Against Doom: A Climate Insurgency Manual

by Jeremy Brecher
ISBN: 978-1-62963-385-5
PP: 128
Publisher: PM Press 2017
£11.99

Easy to read 100 page book about how to collaborate and proactively work to stop the end of the world — or at least the extermination of humanity — aka climate change. Clearly committed to non-violent direct action, there is a lot here that could be useful for anti-capitalists and anti-imperialists interested in working on the issue of climate change with more mainstream peeps. In case you’ve forgotten the standard guidelines for behaving nicely and politely with liberals and other largely pro-capitalist forces, the book offers some useful reminders about how to frame your position or voice.

Some anti-fascist movement folks could probably learn a point or two by reading this text and then applying the same methods to anti-fascist organising. Check out chapters eight and nine on turning the public’s mind and turning worriers into warriors. Both chapters probably have the greatest value for any movement, including fighting climate change, because they help address two key issues: dealing with the public and getting privileged and/or scared people to move past worry into action.

Another key tool Brecher leverages is connecting the struggle to the Public Trust Doctrine. This is brilliant, and it is leveraged by other activists aside from Brecher. The concept, though, of acting to enforce the laws even when government won’t, is instructive. What claim do animal rights, prison abolition, and anti-imperialists center that connects with their intended audience?

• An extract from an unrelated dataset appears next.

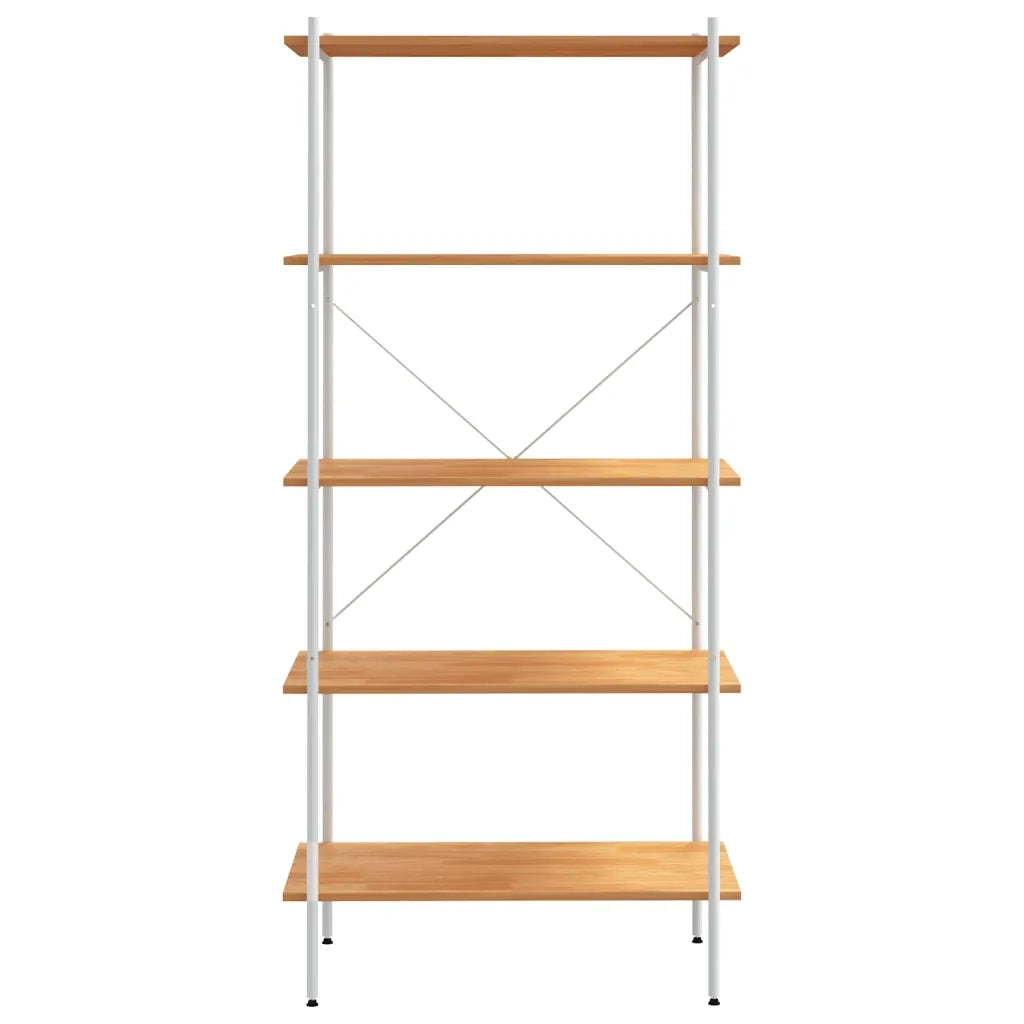 Scaffale con 5 Mensole Bianco e Rovere 80x40x163 cm CFW2510461
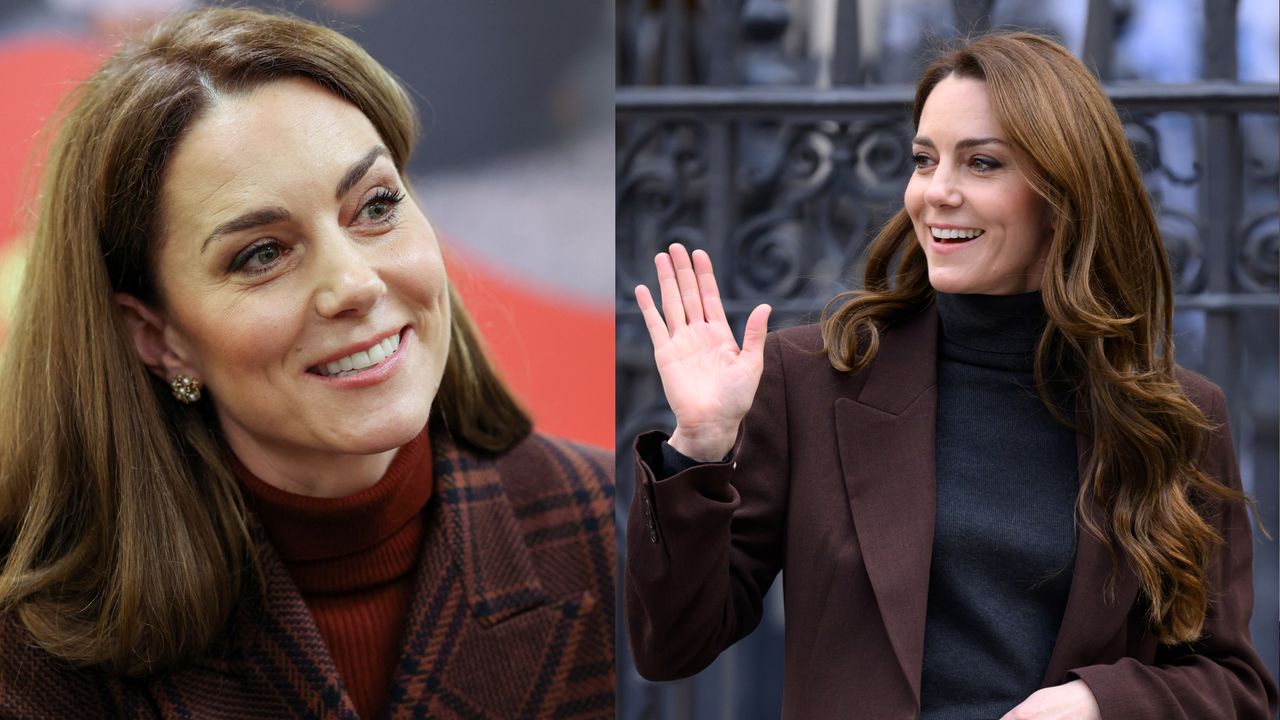 Kate Middleton wearing a burgundy plaid coat and turtleneck smiling next to a photo of her wearing a black turtleneck and brown blazer waving and smiling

Some tone and attitude were annoying, and yes, I get irked when people do not want to remove the underlying cause for global destruction, market and state sponsored capitalisms aka greed, but, in the mean time, Brecher’s book offers a clear and open road map for people of all sane political stripes that want to make sure there’s still a planet to live on. And while Black Blocs, direct action, and militancy is certainly helpful in multiple venues and multiple issues, Brecher’s book offers a quick, easy guide for those who want to put on liberal activist masks for a bit and work collaboratively with masses to avoid human species suicide.

My beef: using the term insurgency is hyperbolic because it implies armed conflict. Brecher is clearly non-violent and seems to abhor non-symbolic property destruction. So be it. Then again, maybe he’s using insurgency to encourage placard carrying, protest marshall obeying, normally okay with law enforcement feeling people, aka white middle class, to finally throw down a bit more, get arrested, and actually move past their Facebook protest posts while trying to save the planet.

While not meant for readers of 4strugglemag or It’s Going Down, Against Doom does present a well-structured, accessible argument on an issue that most thinking people are relatively concerned about.